The following table gives you the names, approximate sounds, and shapes of the letters of the Greek alphabet.

alpha a α Alpha Α
beta b β Beta Β
gamma g γ Gamma Γ
delta d δ Delta Δ
epsilon e ε Epsilon Ε
zeta z ζ Zeta Ζ
eta eeη Eta Η
theta thθ Theta Θ
iota i ι Iota Ι
kappa k κ Kappa Κ
lambda l λ Lambda Λ
mu m μ Mu Μ
nu n ν Nu Ν
xi x ξ Xi Ξ
omicron o ο Omicron Ο
pi p π Pi Π
rho r ρ Rho Ρ
sigma s σ ς Sigma Σ
tau t τ Tau Τ
upsilon u υ Upsilon Υ
phi phφ Phi Φ
chi chχ Chi Χ
psi psψ Psi Ψ
omega ooω Omega Ω

Translators provide the meaning of the Greek to us by way of our own language. And reference books by Greek experts help us research the Greek even though we ourselves may not be schooled in it. To use books such as Strong’s Concordance and Wigram’s Englishman’s Greek Concordance, one needs to know the Greek alphabet.

Simplified Greek presents Greek words in simplified form. Lots of important things that dangle around Greek words are missing —enclitics, breathings, accents, subscripts, and such. Don't worry if you don't know what these are. On the odd occasion when we refer to a Greek word, we will spell it without any of those trappings, just to keep things simple.

We'll treat a Greek word’s basic form, as a symbol of a cluster of related and derivative words. Greek changes the form of words a lot more than English. For example if the word suffer becomes suffering the basic word is still recognizable. However if pascho turns into pathein or patheematoon the basic word is obscured. So we would cite the basic form pascho rather than one of the declensions or other forms of the word.

Some Greek Quirks

Vowell Sounds: Eta is the long or double E, and has an "ee" or "eh" sound. Likewise omega is the long or double O, and has an "oo" or "oh" sound. There are also several dipthongs (two vowels combined) which sound pretty much as they look, and as you would assume they are pronounced.
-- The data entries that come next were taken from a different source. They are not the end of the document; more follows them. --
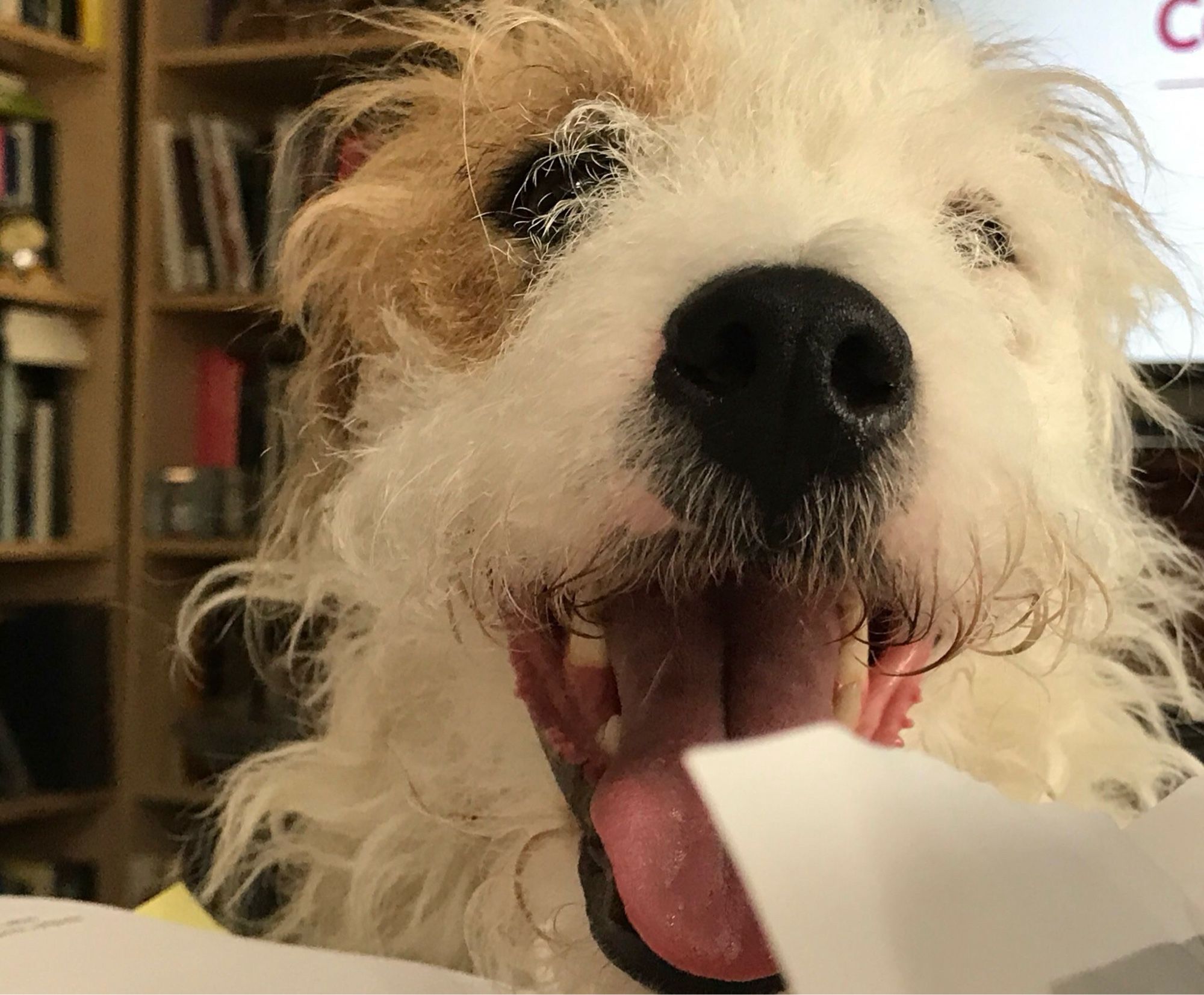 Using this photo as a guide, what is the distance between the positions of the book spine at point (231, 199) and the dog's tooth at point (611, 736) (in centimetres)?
187

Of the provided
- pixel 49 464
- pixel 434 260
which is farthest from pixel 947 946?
pixel 49 464

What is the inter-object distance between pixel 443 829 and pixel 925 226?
59 centimetres

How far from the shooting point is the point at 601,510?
0.62 m

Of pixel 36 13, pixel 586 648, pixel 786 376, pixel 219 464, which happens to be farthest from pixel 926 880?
pixel 36 13

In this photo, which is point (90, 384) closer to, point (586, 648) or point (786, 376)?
point (586, 648)

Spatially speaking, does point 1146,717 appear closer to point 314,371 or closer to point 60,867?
point 314,371

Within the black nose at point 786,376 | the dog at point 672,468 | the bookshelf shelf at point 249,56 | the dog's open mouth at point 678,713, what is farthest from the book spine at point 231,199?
the black nose at point 786,376

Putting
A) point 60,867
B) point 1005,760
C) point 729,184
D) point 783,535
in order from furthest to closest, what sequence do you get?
1. point 60,867
2. point 1005,760
3. point 729,184
4. point 783,535

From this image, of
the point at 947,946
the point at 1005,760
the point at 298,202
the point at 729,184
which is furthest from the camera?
the point at 298,202

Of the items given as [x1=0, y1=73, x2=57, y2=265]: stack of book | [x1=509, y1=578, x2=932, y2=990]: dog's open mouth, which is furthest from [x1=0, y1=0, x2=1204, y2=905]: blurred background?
[x1=509, y1=578, x2=932, y2=990]: dog's open mouth

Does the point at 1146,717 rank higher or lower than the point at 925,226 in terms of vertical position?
lower

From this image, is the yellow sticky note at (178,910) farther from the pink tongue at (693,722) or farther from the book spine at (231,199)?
the book spine at (231,199)

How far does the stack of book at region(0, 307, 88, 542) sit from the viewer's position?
226cm

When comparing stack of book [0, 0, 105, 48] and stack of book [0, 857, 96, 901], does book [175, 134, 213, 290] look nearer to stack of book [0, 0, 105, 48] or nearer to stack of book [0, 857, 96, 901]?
stack of book [0, 0, 105, 48] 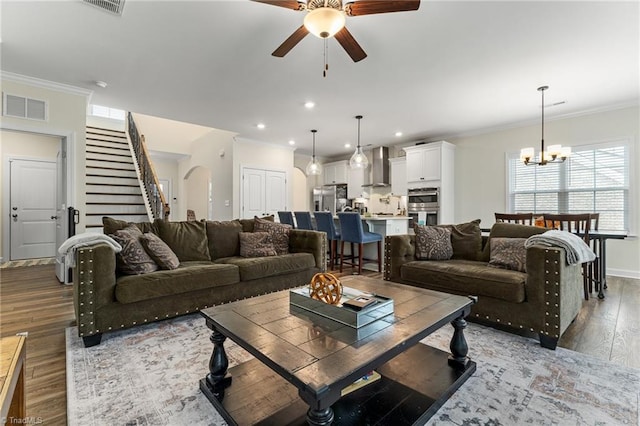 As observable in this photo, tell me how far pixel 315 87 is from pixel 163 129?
621 centimetres

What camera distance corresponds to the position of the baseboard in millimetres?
4499

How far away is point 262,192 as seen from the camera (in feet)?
23.4

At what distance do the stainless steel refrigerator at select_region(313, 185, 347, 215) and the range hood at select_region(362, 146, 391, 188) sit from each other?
3.24 feet

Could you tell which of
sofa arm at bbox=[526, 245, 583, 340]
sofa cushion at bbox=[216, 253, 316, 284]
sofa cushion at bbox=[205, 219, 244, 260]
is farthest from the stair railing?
sofa arm at bbox=[526, 245, 583, 340]

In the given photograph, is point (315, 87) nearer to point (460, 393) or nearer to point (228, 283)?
point (228, 283)

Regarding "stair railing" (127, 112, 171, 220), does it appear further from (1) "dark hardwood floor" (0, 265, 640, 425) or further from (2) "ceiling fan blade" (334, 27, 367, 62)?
(2) "ceiling fan blade" (334, 27, 367, 62)

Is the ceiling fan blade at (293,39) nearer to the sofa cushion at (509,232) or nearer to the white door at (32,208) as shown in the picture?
the sofa cushion at (509,232)

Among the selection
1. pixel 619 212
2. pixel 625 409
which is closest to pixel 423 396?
pixel 625 409

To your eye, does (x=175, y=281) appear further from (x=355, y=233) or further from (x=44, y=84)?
(x=44, y=84)

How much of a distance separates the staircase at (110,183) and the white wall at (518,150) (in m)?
6.72

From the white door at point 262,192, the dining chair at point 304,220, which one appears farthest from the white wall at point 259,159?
the dining chair at point 304,220

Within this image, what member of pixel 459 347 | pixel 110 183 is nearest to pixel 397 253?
pixel 459 347

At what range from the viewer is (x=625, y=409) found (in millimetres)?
1550

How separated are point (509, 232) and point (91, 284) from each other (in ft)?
12.5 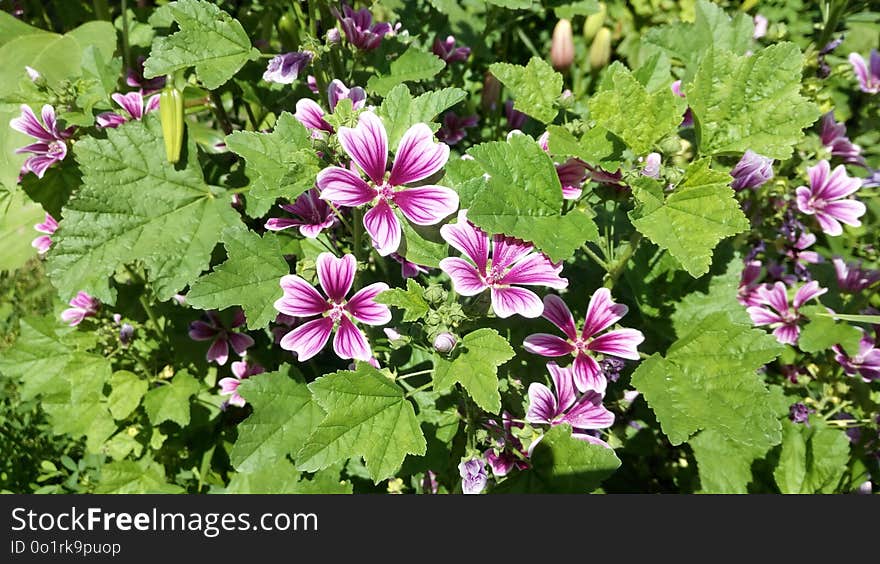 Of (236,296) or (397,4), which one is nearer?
(236,296)

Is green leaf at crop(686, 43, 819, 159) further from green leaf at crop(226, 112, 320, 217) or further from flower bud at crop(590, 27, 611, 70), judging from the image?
flower bud at crop(590, 27, 611, 70)

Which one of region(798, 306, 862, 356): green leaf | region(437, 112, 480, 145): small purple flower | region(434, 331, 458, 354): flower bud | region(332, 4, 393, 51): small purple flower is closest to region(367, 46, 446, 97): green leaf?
region(332, 4, 393, 51): small purple flower

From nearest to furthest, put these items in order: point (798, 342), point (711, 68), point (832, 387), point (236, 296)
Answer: point (711, 68)
point (236, 296)
point (798, 342)
point (832, 387)

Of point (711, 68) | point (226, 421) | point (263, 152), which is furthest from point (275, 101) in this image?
point (711, 68)

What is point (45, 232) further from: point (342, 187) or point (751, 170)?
point (751, 170)

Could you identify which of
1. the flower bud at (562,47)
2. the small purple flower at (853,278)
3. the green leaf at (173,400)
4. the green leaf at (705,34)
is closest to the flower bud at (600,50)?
the flower bud at (562,47)

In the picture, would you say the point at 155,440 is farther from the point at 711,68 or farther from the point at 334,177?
the point at 711,68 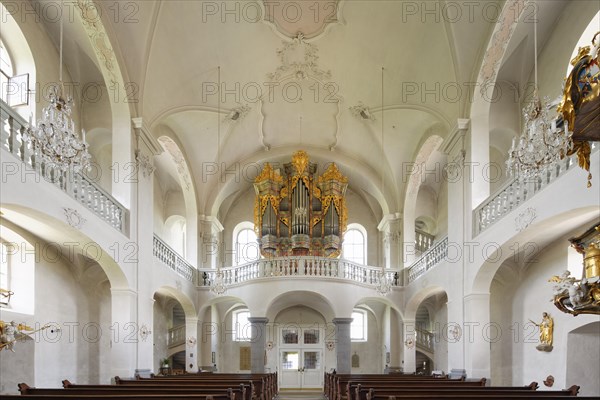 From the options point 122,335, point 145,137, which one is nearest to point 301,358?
point 122,335

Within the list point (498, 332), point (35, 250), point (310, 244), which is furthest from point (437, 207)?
point (35, 250)

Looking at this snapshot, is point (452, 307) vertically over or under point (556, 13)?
under

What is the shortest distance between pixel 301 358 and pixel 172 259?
955cm

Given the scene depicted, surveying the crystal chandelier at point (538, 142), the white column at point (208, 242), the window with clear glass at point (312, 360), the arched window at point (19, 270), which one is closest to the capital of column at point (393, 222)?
the window with clear glass at point (312, 360)

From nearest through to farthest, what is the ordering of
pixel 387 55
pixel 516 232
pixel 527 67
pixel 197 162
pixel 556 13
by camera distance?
1. pixel 516 232
2. pixel 556 13
3. pixel 527 67
4. pixel 387 55
5. pixel 197 162

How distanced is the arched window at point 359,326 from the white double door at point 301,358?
1.54 metres

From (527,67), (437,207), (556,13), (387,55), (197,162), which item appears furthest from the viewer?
(437,207)

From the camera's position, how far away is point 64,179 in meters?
12.6

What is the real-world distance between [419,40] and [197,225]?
11492 mm

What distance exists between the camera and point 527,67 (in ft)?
54.5

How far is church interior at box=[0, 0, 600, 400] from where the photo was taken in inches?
486

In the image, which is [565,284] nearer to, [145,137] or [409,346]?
[145,137]

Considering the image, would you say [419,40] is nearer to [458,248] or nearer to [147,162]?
[458,248]

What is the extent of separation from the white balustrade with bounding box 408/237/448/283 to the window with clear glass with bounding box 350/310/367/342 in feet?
17.5
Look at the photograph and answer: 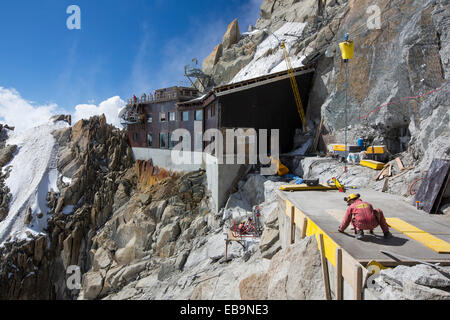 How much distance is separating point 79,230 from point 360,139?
33.0 m

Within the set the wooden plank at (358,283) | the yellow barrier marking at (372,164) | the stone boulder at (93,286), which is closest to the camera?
the wooden plank at (358,283)

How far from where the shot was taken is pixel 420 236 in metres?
6.20

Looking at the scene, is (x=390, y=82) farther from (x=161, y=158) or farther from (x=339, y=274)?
(x=161, y=158)

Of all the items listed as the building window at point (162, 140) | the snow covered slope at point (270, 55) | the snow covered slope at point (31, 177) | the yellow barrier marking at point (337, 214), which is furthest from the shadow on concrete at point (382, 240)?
the snow covered slope at point (31, 177)

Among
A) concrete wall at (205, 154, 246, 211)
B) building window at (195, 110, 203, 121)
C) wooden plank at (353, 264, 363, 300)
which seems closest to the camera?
wooden plank at (353, 264, 363, 300)

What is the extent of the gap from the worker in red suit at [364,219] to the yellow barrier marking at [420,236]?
2.39 ft

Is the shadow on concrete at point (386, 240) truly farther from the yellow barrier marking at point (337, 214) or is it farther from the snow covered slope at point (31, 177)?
the snow covered slope at point (31, 177)

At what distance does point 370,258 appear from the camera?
5016 millimetres

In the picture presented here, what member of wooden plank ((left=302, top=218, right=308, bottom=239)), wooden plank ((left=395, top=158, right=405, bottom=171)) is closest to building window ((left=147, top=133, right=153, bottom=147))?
wooden plank ((left=395, top=158, right=405, bottom=171))

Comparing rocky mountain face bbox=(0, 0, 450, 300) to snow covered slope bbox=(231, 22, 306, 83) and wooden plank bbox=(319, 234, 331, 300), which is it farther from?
snow covered slope bbox=(231, 22, 306, 83)

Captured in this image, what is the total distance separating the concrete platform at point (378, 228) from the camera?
5.22 meters

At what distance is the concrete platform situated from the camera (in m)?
5.22

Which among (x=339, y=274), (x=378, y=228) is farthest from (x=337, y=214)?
(x=339, y=274)

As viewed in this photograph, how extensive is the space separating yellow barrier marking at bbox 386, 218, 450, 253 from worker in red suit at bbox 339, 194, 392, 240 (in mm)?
728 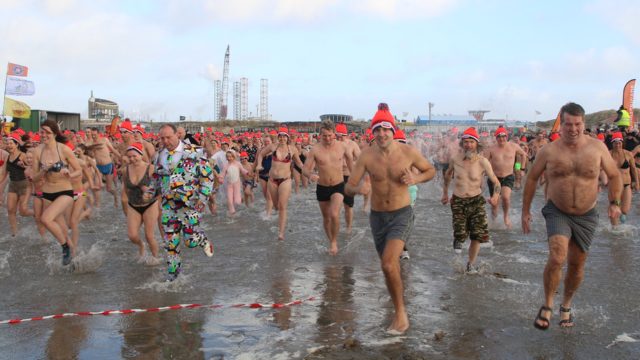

Consonant Sounds: Chi is not pronounced as the ch in "chap" but as a Scot pronounces the ch in "loch". Gamma in front of other consonants has the "ng" sound as in the word "banging". Examples: Gamma doubled is like the ng in "ring". Gamma with kappa is like the nk in "plonk". Gamma with xi is like the nks in "links".

Shapes: Sigma is an S shape at the end of a word but an O shape within a word.